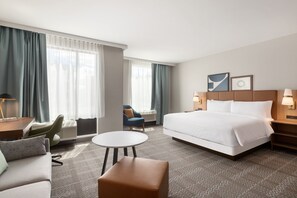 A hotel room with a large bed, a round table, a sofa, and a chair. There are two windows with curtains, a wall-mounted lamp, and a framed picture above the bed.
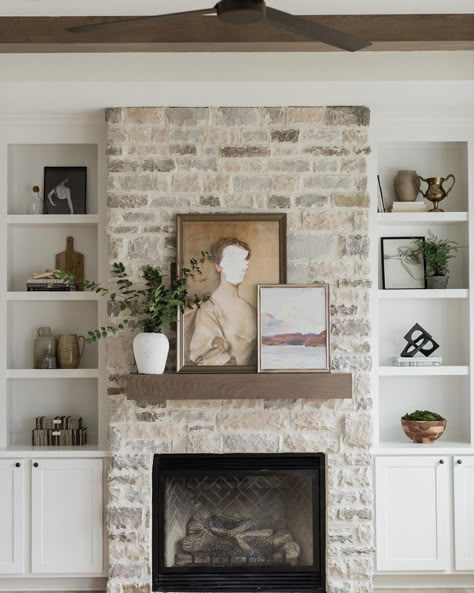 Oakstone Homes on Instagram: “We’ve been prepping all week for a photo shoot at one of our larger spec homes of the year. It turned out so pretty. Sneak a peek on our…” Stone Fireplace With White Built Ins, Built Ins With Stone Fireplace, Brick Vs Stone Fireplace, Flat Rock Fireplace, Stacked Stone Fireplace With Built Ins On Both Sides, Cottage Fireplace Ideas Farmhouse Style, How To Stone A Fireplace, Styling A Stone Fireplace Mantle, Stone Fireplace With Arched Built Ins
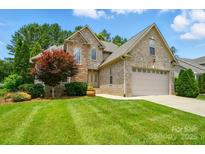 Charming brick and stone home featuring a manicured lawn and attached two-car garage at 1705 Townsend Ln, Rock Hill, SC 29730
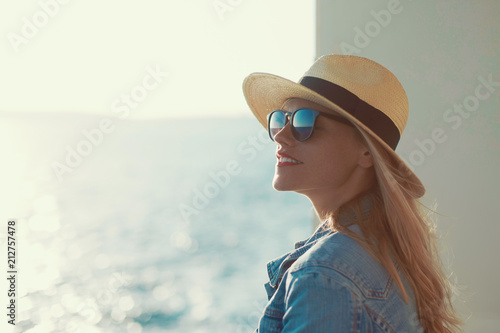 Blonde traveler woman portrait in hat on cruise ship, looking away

§ **WORK TO BE COMPLETED**
Omit every picture while printing the data word for word.

§ **RESPONSE BOX**
 A hotel room with a large bed, a round table, a sofa, and a chair. There are two windows with curtains, a wall-mounted lamp, and a framed picture above the bed.
 Oakstone Homes on Instagram: “We’ve been prepping all week for a photo shoot at one of our larger spec homes of the year. It turned out so pretty. Sneak a peek on our…” Stone Fireplace With White Built Ins, Built Ins With Stone Fireplace, Brick Vs Stone Fireplace, Flat Rock Fireplace, Stacked Stone Fireplace With Built Ins On Both Sides, Cottage Fireplace Ideas Farmhouse Style, How To Stone A Fireplace, Styling A Stone Fireplace Mantle, Stone Fireplace With Arched Built Ins
 Charming brick and stone home featuring a manicured lawn and attached two-car garage at 1705 Townsend Ln, Rock Hill, SC 29730
 Blonde traveler woman portrait in hat on cruise ship, looking away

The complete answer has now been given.